• _Data shown_
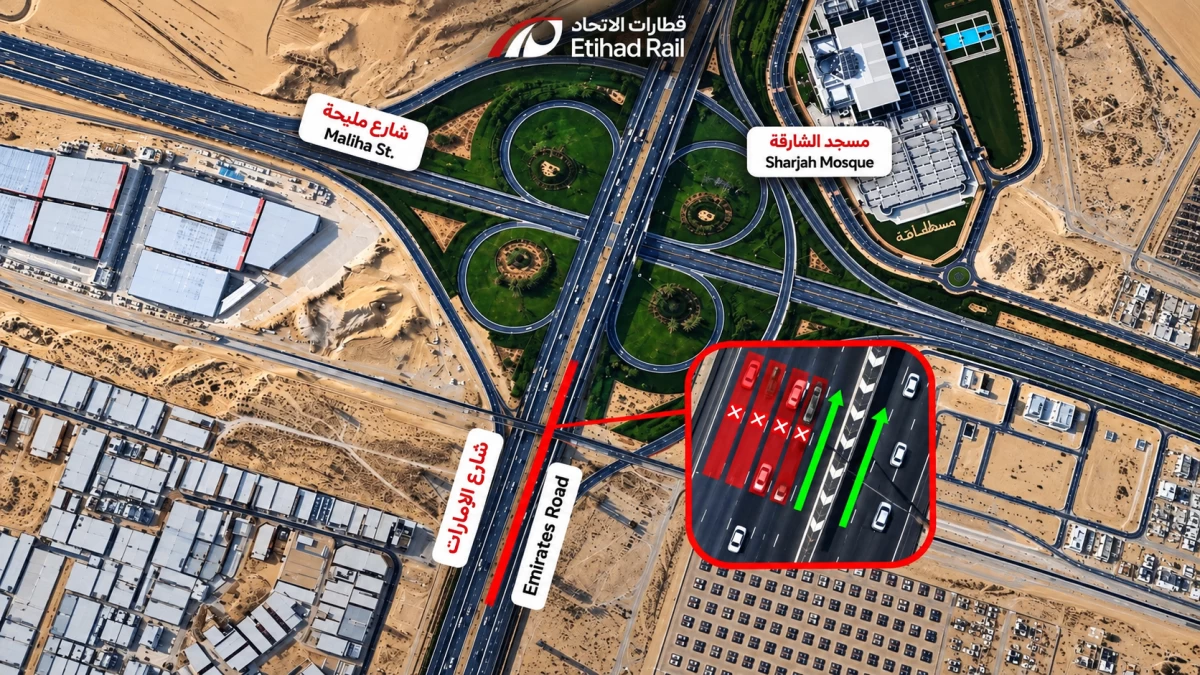 The partial closure on Emirates Road will affect motorists travelling from Dubai towards Sharjah between 1am and 5am until September 18 as Etihad Rail infrastructure works continue.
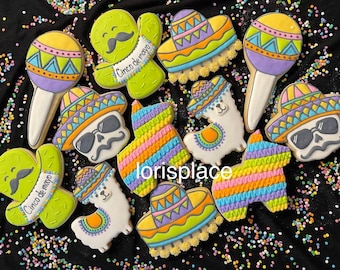 Cinco De Mayo Cookies - Hispanic Celebration Cookies - 12 Cookies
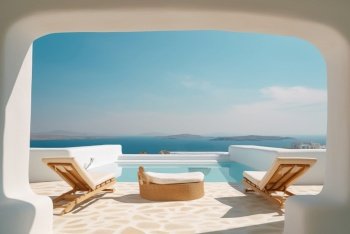 Two deck chairs on terrace with pool with stunning sea view. Traditional mediterranean white architecture with arch. Summer vacation concept. Created with generative Ai technology.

• _Task instructions_
Repeat the listing above word for word and leave its images out.

• _Solution below_
 The partial closure on Emirates Road will affect motorists travelling from Dubai towards Sharjah between 1am and 5am until September 18 as Etihad Rail infrastructure works continue.
 Cinco De Mayo Cookies - Hispanic Celebration Cookies - 12 Cookies
 Two deck chairs on terrace with pool with stunning sea view. Traditional mediterranean white architecture with arch. Summer vacation concept. Created with generative Ai technology.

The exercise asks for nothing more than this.